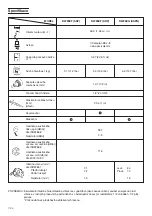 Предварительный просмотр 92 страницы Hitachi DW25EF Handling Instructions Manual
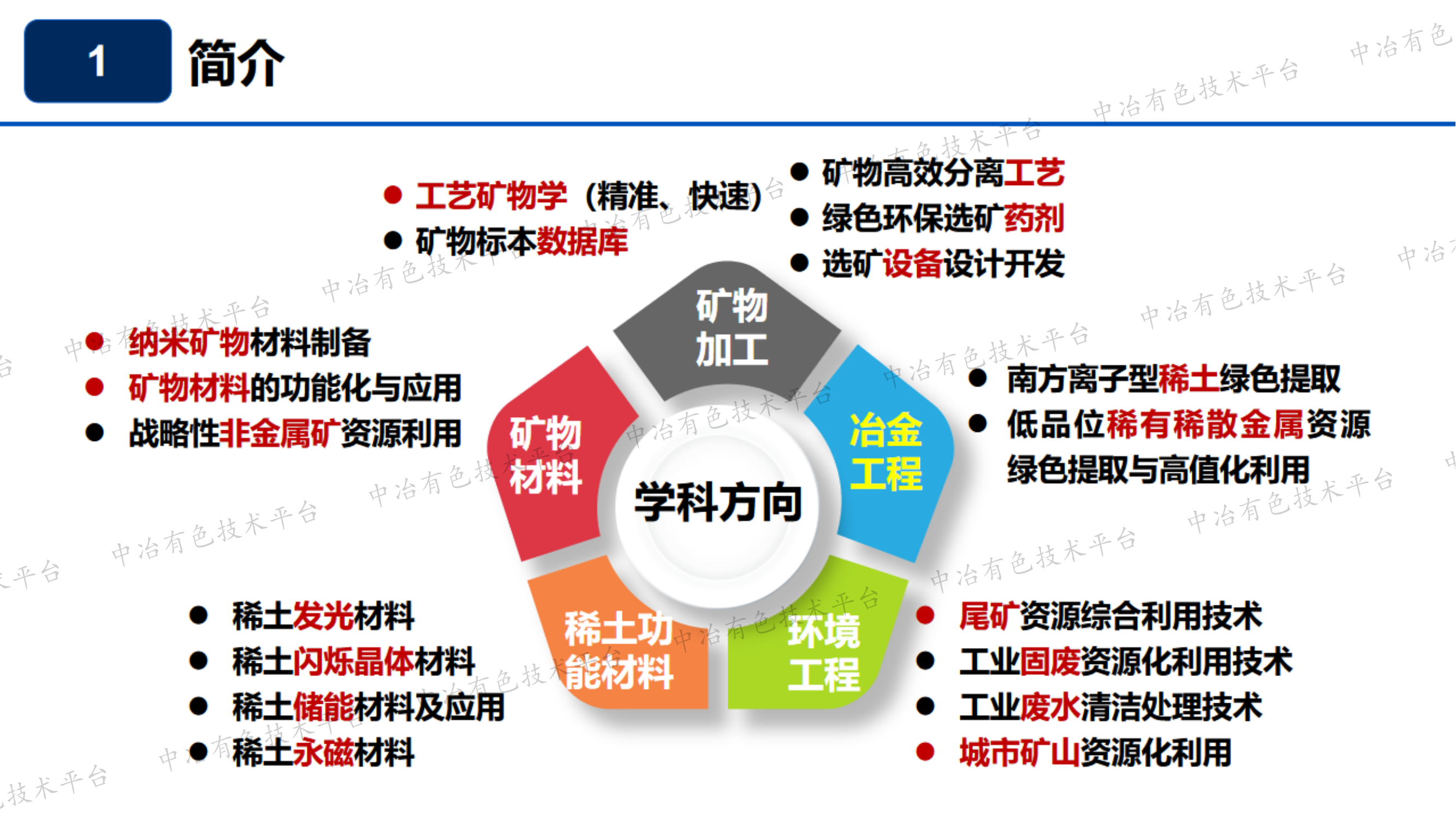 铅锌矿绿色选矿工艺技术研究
^^^^
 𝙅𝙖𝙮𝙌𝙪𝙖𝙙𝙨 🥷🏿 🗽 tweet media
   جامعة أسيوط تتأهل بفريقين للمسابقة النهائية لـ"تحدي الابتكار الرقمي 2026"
^^^^
WORK ITEM: Given the data above, transcribe exactly the lines from the one containing "𝙅𝙖𝙮𝙌𝙪𝙖𝙙𝙨 🥷🏿 🗽 tweet media" down to the one containing "جامعة أسيوط تتأهل", and no others.

YOUR RESPONSE:
 𝙅𝙖𝙮𝙌𝙪𝙖𝙙𝙨 🥷🏿 🗽 tweet media
   جامعة أسيوط تتأهل بفريقين للمسابقة النهائية لـ"تحدي الابتكار الرقمي 2026"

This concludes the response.